Maran HaBet Yosef offers another answer that although regarding other holidays we were only commanded to expound their laws on the holiday itself, nevertheless, the holiday of Pesach is different from all other holidays and one must begin expounding and delving in its laws thirty days before the actual holiday, for people must be aware of the laws of koshering vessels, baking Matzah, grinding the wheat etc. which, if left to learn only on the holiday itself, will not serve any purpose; people must therefore know all of these laws before the holiday. What Moshe established to expound on the holiday itself is the reasons behind the holiday for which we were commanded to keep the holiday in addition to expounding some laws of the holiday which apply on the holiday itself. Based on this second answer, teachers of Torah must begin teaching the laws of Pesach thirty days before the holiday.
The Opinion of the Mishnah Berura
Hagaon Mishnah Berura writes in his Be’ur Halacha that halachically speaking, one must begin teaching the laws of Pesach thirty days before the holiday, in accordance with the second answer of the Bet Yosef. There is actually an obligation to “expound” the laws of Pesach and not only to “inquire about them” thirty days before the holiday.

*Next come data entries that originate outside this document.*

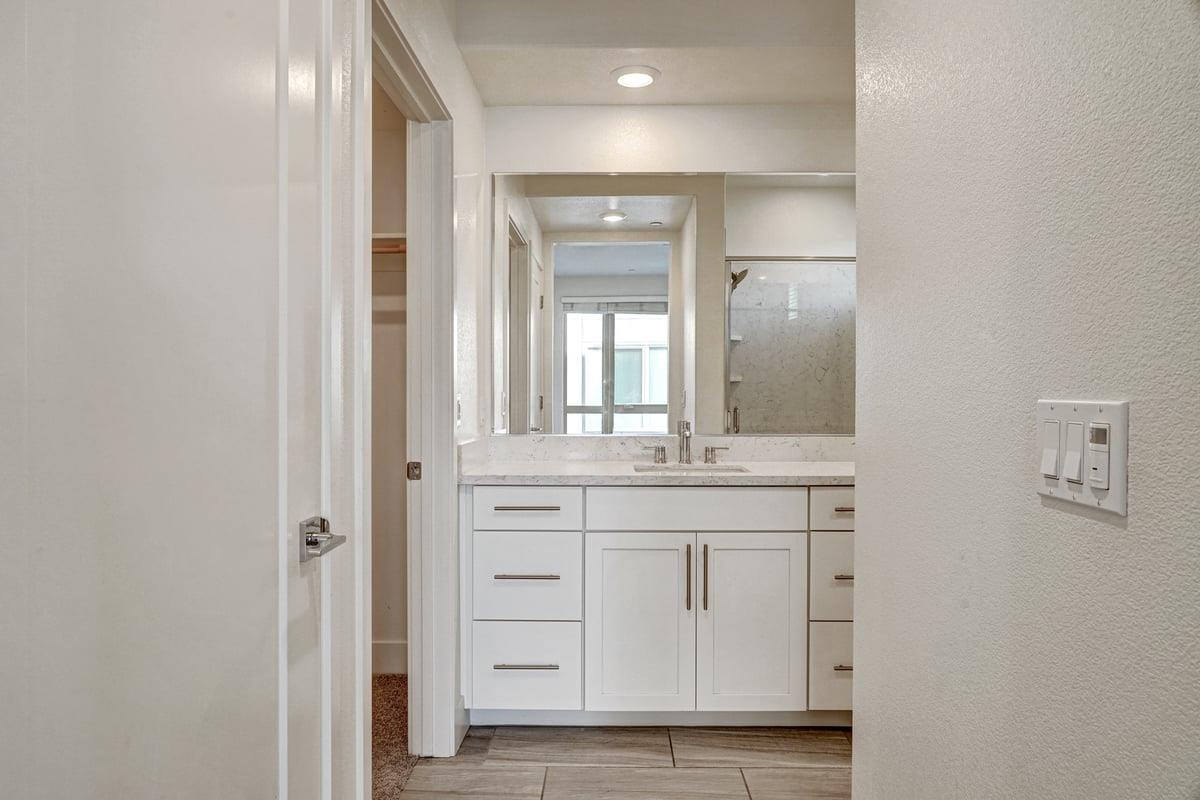 Detail Gallery Image 26 of 37 For 330 Riesling Ave #21,  Milpitas,  CA 95035 - 3 Beds | 2/1 Baths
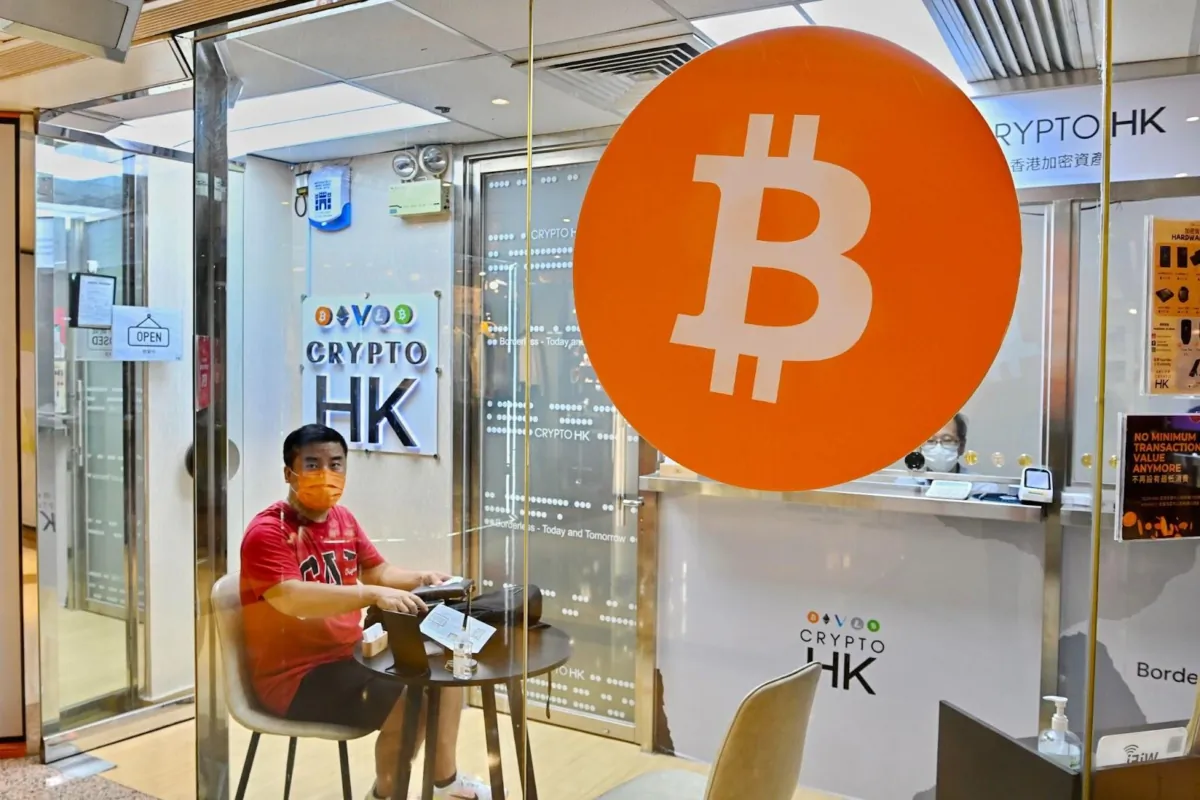 A man conducted a transaction at a cryptocurrency shop in Hong Kong, on Nov. 21, 2022. (Sung Pi-Lung/The Epoch Times)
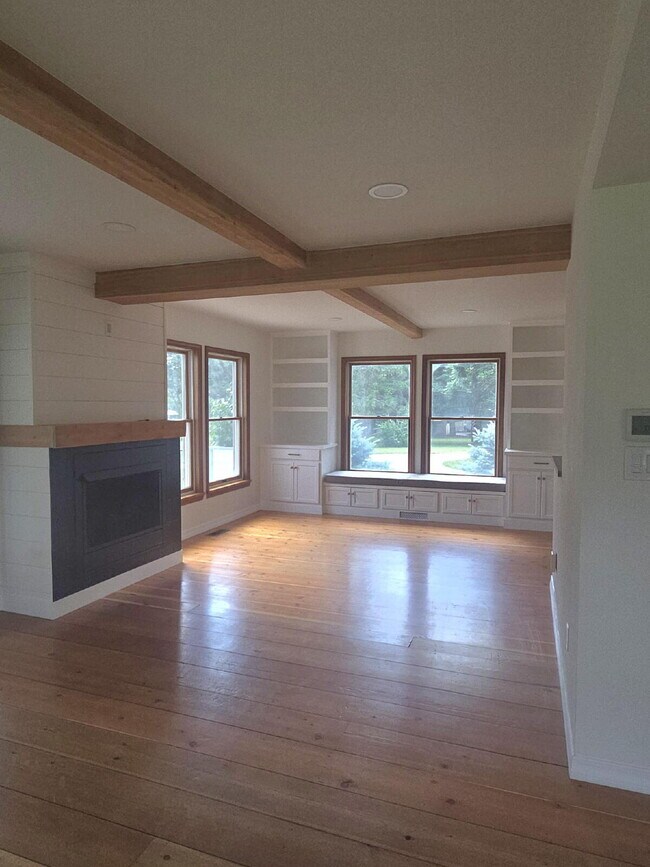 Foto del edificio - Spacious home in country setting, yet clos...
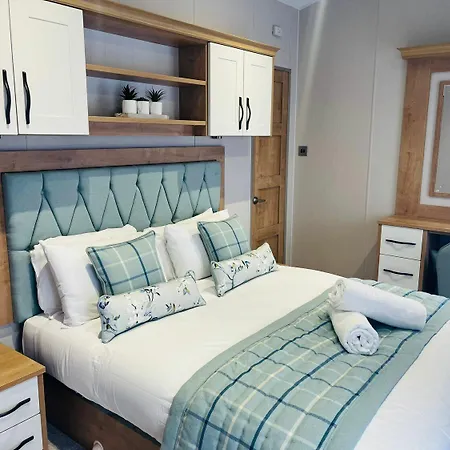 Country With Hot Tub * ヨーク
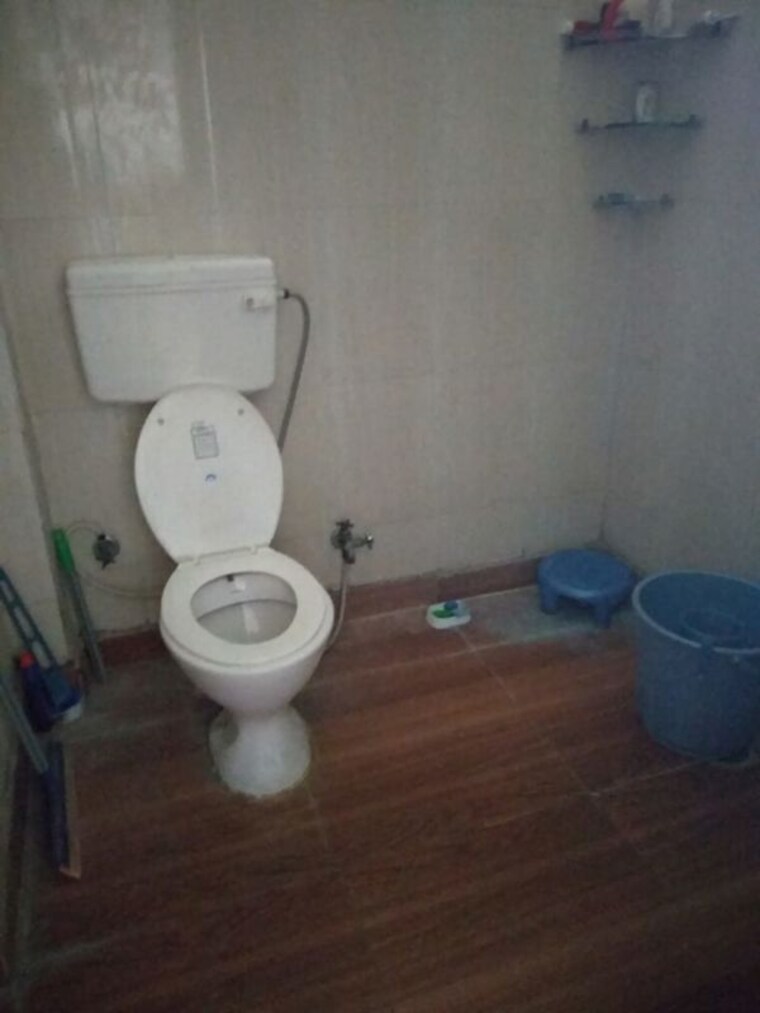 Bathroom, rwa-apartments-sector-41 3 Bedroom 1450 Sq.Ft. Villa In Sector 41 Noida 9915293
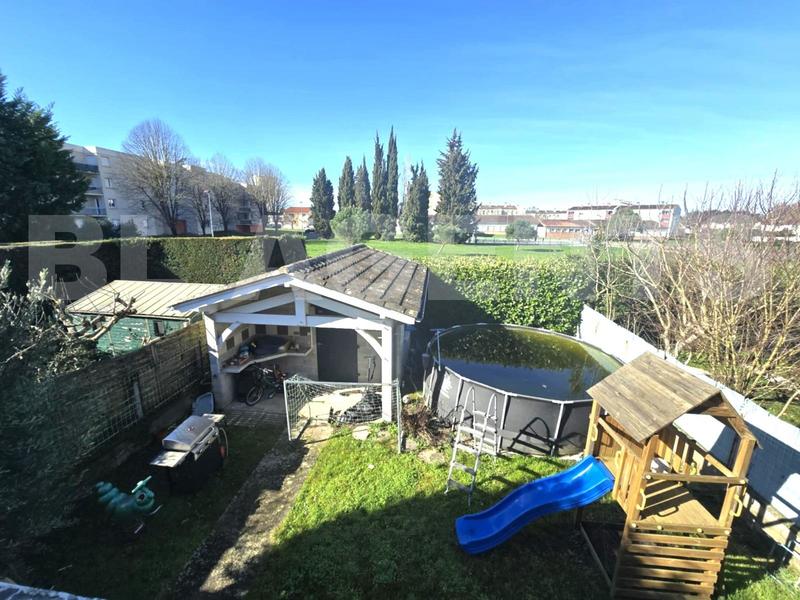 Maison - 90 m² - 4 pièces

However, his opinion is not in accordance with the ruling of Maran HaShulchan Aruch who states: “One begins to inquire about the laws of Pesach thirty days before Pesach.” His words prove that only regarding the inquirers do we consider them to be asking about an issue at hand beginning from thirty days before Pesach; however, we are not obligated to begin teaching the laws of Pesach thirty days before Pesach, as Maran HaBet Yosef writes in his first answer.
The Opinion of Maran Shlit”a in his Yabia Omer
Maran Harav Shlit”a in his Responsa Yabia Omer (Volume 2, Chapter 22) writes lengthily to defend the ruling of Maran HaShulchan Aruch that there is no actual obligation to halt all other regular study topics before Pesach in order to delve into the laws of Pesach; only with regards to one “inquiring about an issue at hand” do we say that if one asks a Pesach-related question before Pesach that we are obligated to answer him.

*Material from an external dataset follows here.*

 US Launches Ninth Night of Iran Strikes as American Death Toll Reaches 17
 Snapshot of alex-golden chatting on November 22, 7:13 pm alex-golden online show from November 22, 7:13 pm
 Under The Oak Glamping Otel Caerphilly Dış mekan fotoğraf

Although there is no actual obligation to begin teaching the laws of Pesach in public thirty days before the holiday, nevertheless, every individual is obligated to learn the laws of Pesach well so as not to err during this holiday which contains a great many laws. Therefore, we at Halacha Yomit shall discuss the laws of Pesach as much as possible and we shall not delve deeply into the reasons for the Halachot; rather, we shall focus on the primary laws so that, as time goes on, we will be able to cover as much of the laws of Pesach as possible.

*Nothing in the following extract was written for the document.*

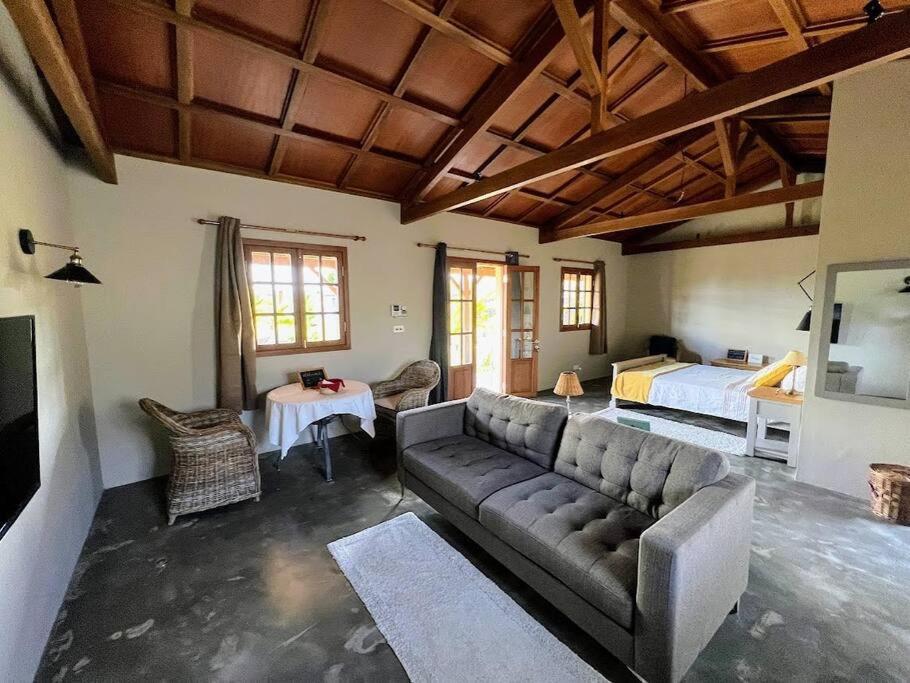 Apartment Lakaz Kannell - Vanilla Lodge, Secluded Outside Bath & Shower Infinity Pool Cap Malheureux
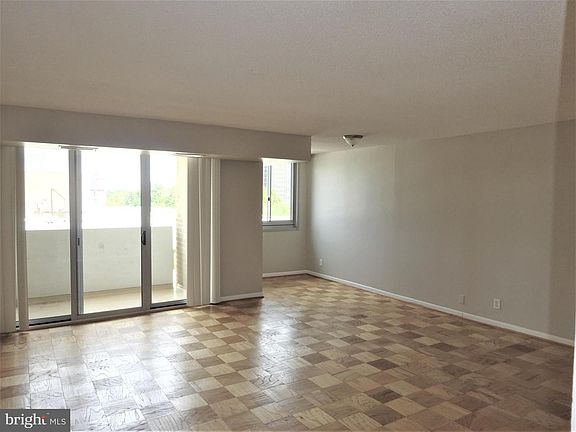 2nd image of 4601 N Park Ave APT 918-T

Besides for discussing the laws directly related to the holiday of Pesach, such as the laws of Matzah and koshering one’s home for Pesach, we must also discuss some of the laws of the Blessing of the Trees which is recited in the beginning of the month of Nissan.
This year, 5772, the first day of Pesach coincides with Shabbat and the seventh day of Pesach falls out on a Friday. Thus, on that Friday before the onset of the Seventh of Pesach, an “Eruv Tavshilin” must be prepared as we shall, G-d-willing, discuss.